Have you thought about what happens after the keys change hands and the buyer and seller walk away from the closing table?


The transaction process isn’t over yet – now the training period begins.


When a business is sold, part of the purchase contract will typically cover a training period of some sort where the seller will stay on with the business until the buyer can be sufficiently trained to take over the helm. This is an all-to-important part of the business transaction process, so it is in everyone’s best interest to keep the training period productive and amicable.


The best way to start the training period off right is to keep the negotiations during the sale process as friendly as possible. Both parties can do this by always using the business brokers involved as intermediaries. It might seem inefficient to always send questions or comments through a third party, but what starts as an innocent phone call to the other side can quickly devolve into a deal-killing fight. Keeping things friendly for the time period before your are stuck working together will make the start of training much easier.


If you are the buyer in the situation, it may be tempting to walk in on day one and completely change everything to your liking. This is a huge mistake for two reasons.

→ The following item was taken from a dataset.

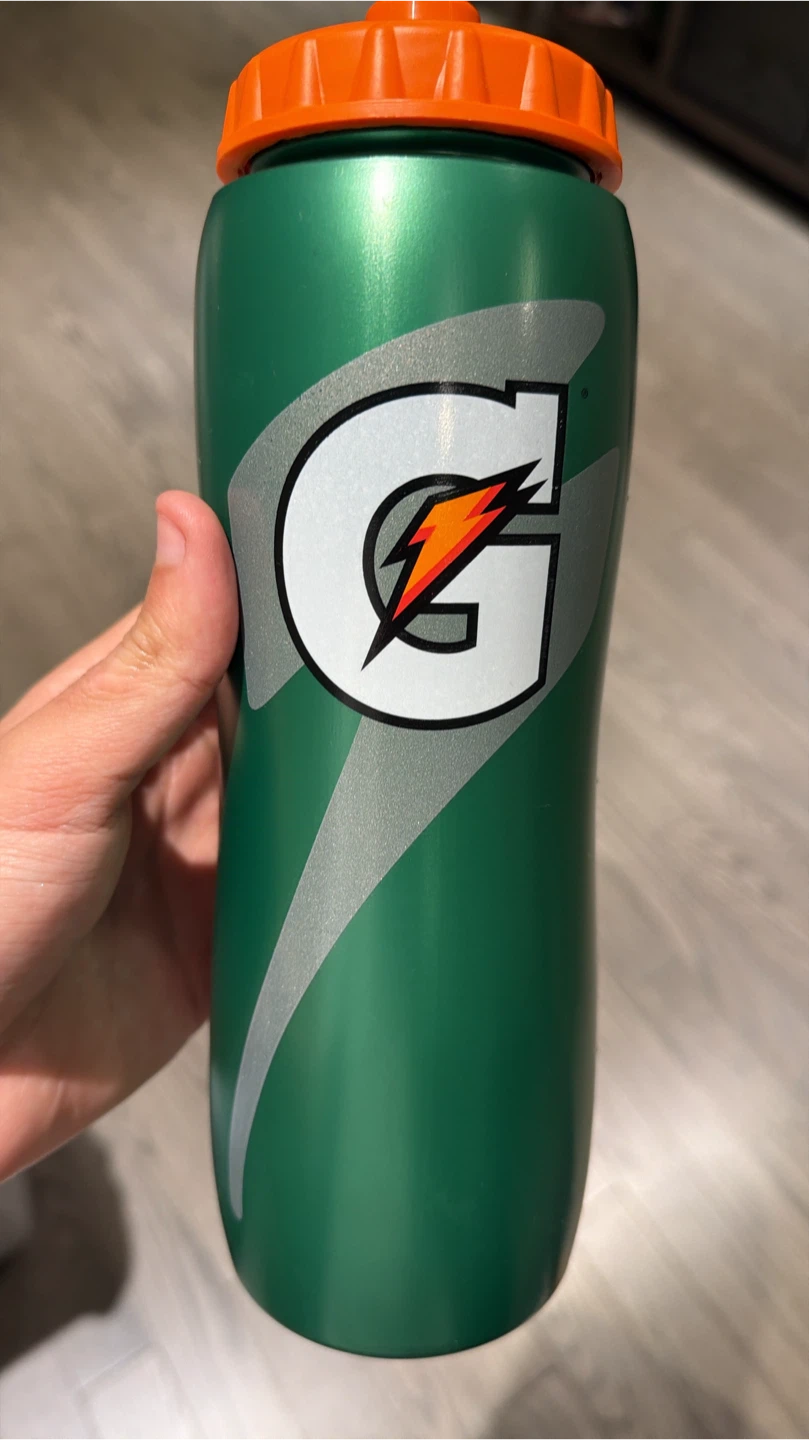 32oz Gatorade Water Bottles-$5 each. - photo 3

One, you shouldn’t make any changes to a functioning and profitable business until you know everything there is to know about the business. Then, and only then, will you know what parts of the business are making it profitable and successful and what aspects can be changed without causing any unforeseen damage down the line.

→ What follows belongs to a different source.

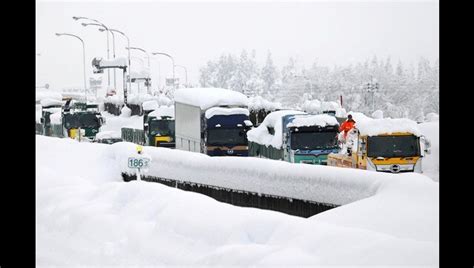 Heavy Snow In Japan Disrupts Flights And Trains Closes Roads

The second reason your should hold off on any changes is for the seller’s sake. The seller has a wealth of practical knowledge about the business you just bought, and it is absolutely in your best interest to get absolutely all of that knowledge before the training period is over. By coming in and changing everything, you are essentially telling the seller you don’t think anything they’ve done is worth learning about – a move so insulting that you will probably have an incredibly hard time getting any of that precious practical knowledge. Try to remember that this business was a huge part of the seller’s life, so treat them with a bit of compassion and wait until they are officially gone before you implement any big changes.


If you are the seller in the transaction, the training period can be difficult for a number of reasons. First, once you’ve left the closing table and the keys have changed hands, it can be very tempting to mentally check-out. This is a very bad idea, especially if your deal has seller financing involved (which many deals do). If you check-out and can’t properly train the new owner, the their chances of success (and you seeing the rest of your money) are probably not very good.

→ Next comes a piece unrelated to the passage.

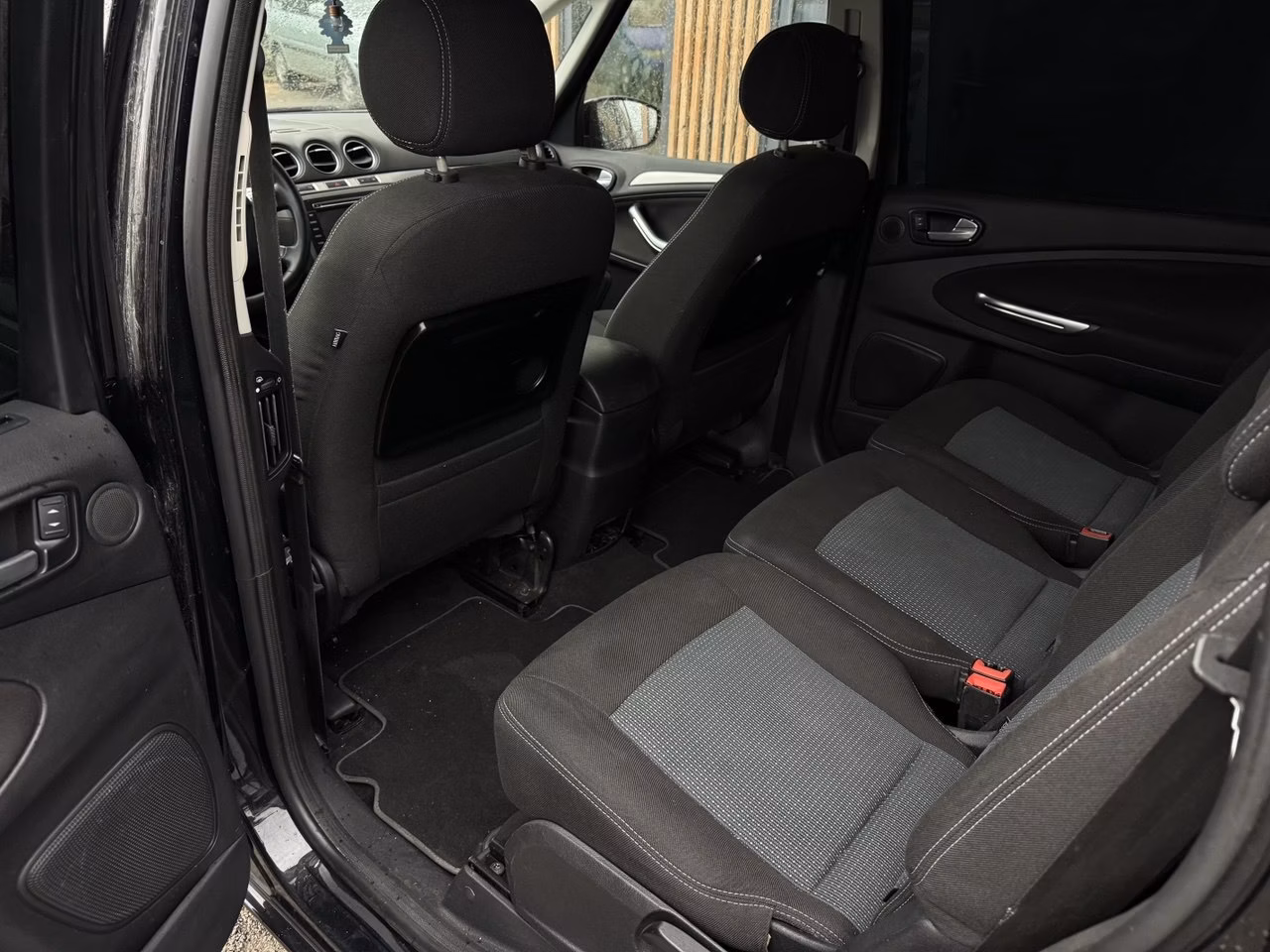 Ford Galaxy фото 11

Another training pitfall for sellers is getting offended when the new owner wants to make changes. It can be extremely difficult to keep your emotions in check, but you must remember that this business no longer belongs to you, so the new owner can do what they please. Do your best to complete the training period amicably so that your business can carry on successfully without you.


Whether you are the buyer or the seller, it is critically important for the survival of the business in the long term that the training period happensso do your best to work together.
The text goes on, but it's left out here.